James Conner’s Fumble Hurt, But Not as Badly as Other Steelers Turnovers 21-21 Tie with Browns

If there’s one positive to take away from the Steelers very disappointing 21-21 Week 1 tie with the Browns at Cleveland’s FirstEnergy Stadium on Sunday, it’s that James Conner isn’t receiving the lion’s share of the blame.

Perhaps, if he were another running back, such as the one he started in-place of–superstar Le’Veon Bell, who continues to sit out rather than sign the $14.5 million franchise tag–Conner would be more susceptible to criticism.

James Conner, Steelers vs Browns, James Conner Fumble

James Conner fumbles late in the 4th quarter of the Steelers-Browns tie. Photo Credit: Photo credit: Sporting News Canada

After all, when a team is up by two touchdowns and in possession of the football midway through the fourth quarter, the offense is supposed to grind the clock out and go home with a win. And when you can point to a fumble by a running back that jump-started the comeback, why wouldn’t that running back be the goat?

While it is true that James Conner’s fumble, which tarnished an otherwise awesome day in-which he tallied 192 total yards from scrimmage and two touchdowns, was the life-preserver that prevented the Browns from drowning in a game-long downpour, you can also point to some very egregious turnovers earlier in the game that, had the offense executed like the juggernaut it’s supposed to be, could have made Conner’s gaffe meaningless.

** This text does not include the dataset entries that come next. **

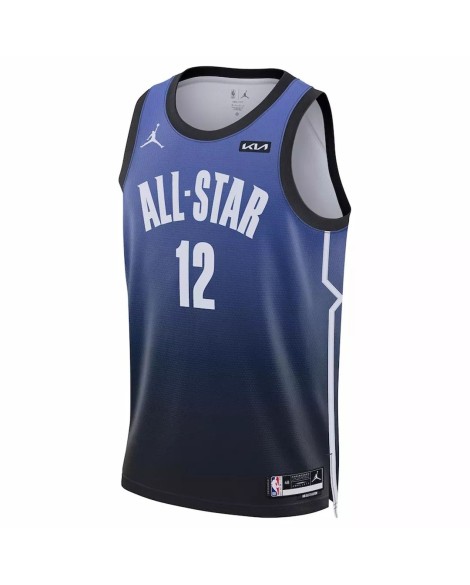 Ja Morant No. 12 Jordan Brand Men's Blue Swingman Shirt 2023 NBA All Star Game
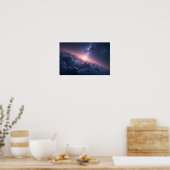 Poster 8K Multiverse Horizons : Voie lactée et dimensions (Cuisine)
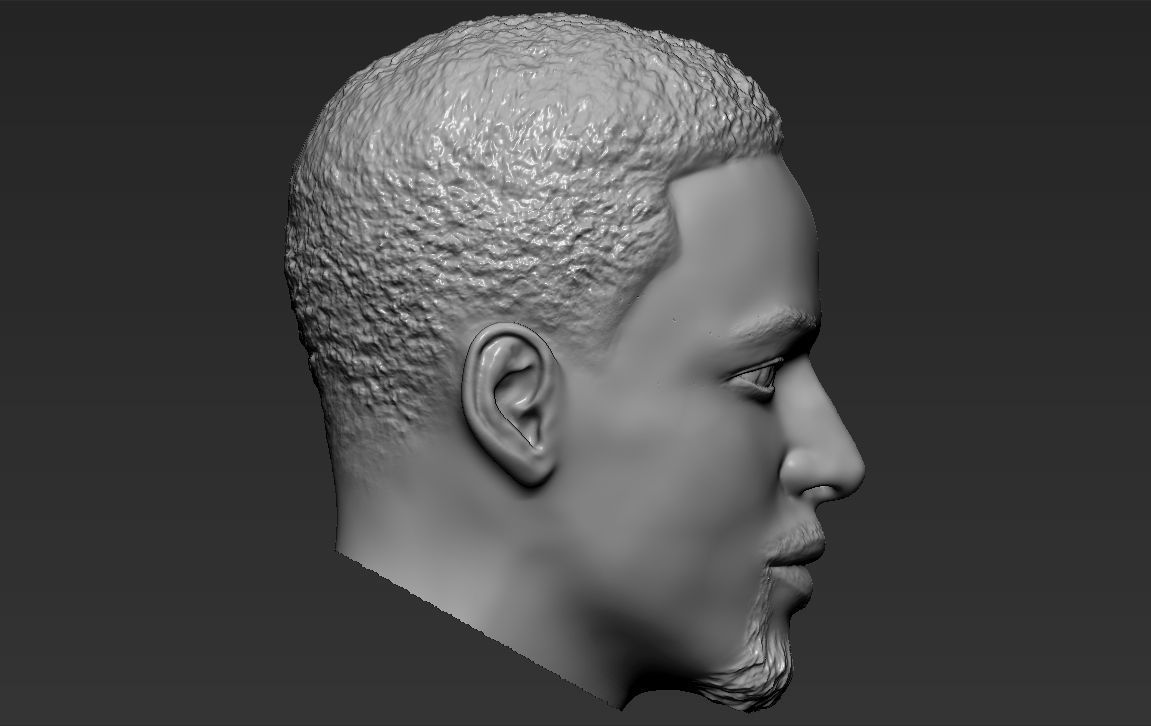 Stephen Curry standard version only mesh 3D model_4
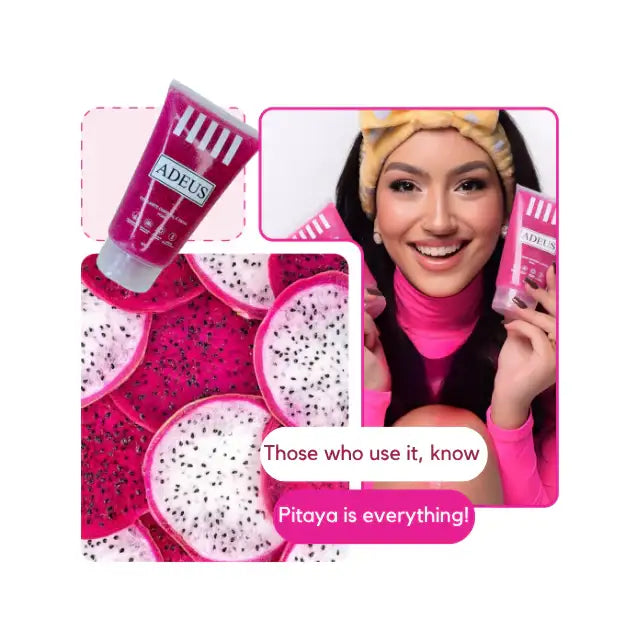 Adeus Pitaya Renovación de la Piel Exfoliante Corporal y Facial (165g) – Exfoliante Suavizante, 5.82 oz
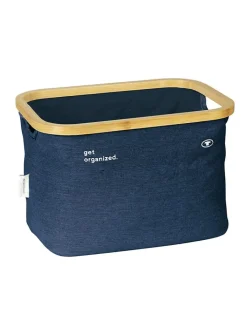 Tom Tailor Kisten & Körbe<2er-Set: Aufbewahrungskörbe in Dunkelblau - (B)38 x (H)26 x (T)26 cm
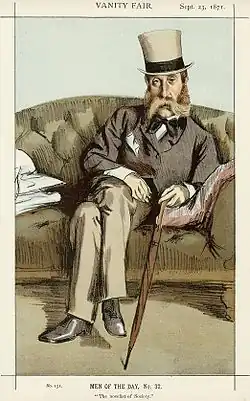 Illustration of George Whyte-Melville from September, 1871, Vanity Fair magazine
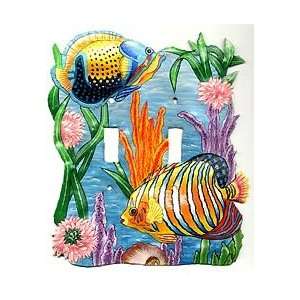  Tropical Fish Underwater Scene   Double Switchplate   Hand 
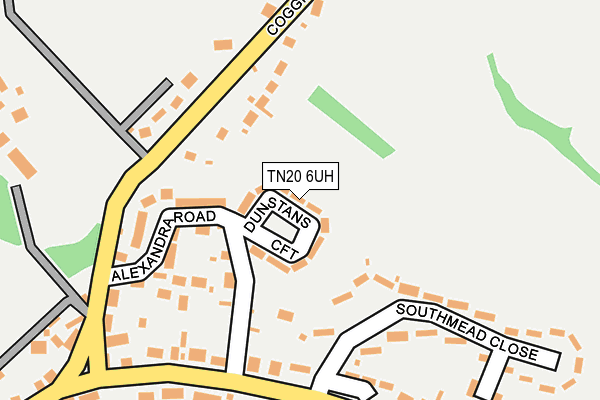 TN20 6UH map - OS OpenMap – Local (Ordnance Survey)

For example, how about quarterback Ben Roethlisberger, the 15-year veteran, the future Hall of Famer, the two-time Super Bowl-champion, throwing into triple-coverage and getting intercepted by rookie cornerback Denzel Ward late in the first quarter of what was then a scoreless game?

Following a 27-yard connection to receiver JuJu Smith-Schuster one play earlier, Pittsburgh had a first and 10 from the Browns’ 18-yard line and looked poised to get on the board first.

Unfortunately, Ben Roethlisberger, who has always been known as a gunslinger, wanted to make Antonio Brown his very next connection, hence the ill-advised throw into triple-coverage.

Moving on to late in the second quarter. The Steelers had a 7-0 lead and were on the positive side of the 50-yard line in-search of an even bigger lead before halftime.

Following an incomplete pass, Pittsburgh faced a second and 10 from the Cleveland 37-yard line. During his usual pre-snap maneuverings, Roethlisberger motioned for Smith-Schuster and tight end Jesse James to switch positions. Roethlisberger quickly found a wide-open James with a short pass that went right through his hands and into Ward’s for his second interception of the half.

  • Like Roethlisberger’s first interception, the Browns failed to capitalize with points, but they once again prevented Pittsburgh from scoring any.
  • That’s two interceptions that potentially wiped out anywhere from three to 14 points for the Steelers.

For the day, the Steelers committed six turnovers, with James Conner’s being the only one that led to points by Cleveland. Again, that makes him an easy target to blame.

But as some critics liked to remind us last December when the Steelers were denied a touchdown against the Patriots thanks to a replay reversal, there are many plays throughout the course of a game that help to shape the outcome.

James Conner had a hand in the Steelers losing a two-touchdown lead, but Ben Roethlisberger and Jesse James also made sure Pittsburgh’s fourth quarter advantage wasn’t much, much bigger.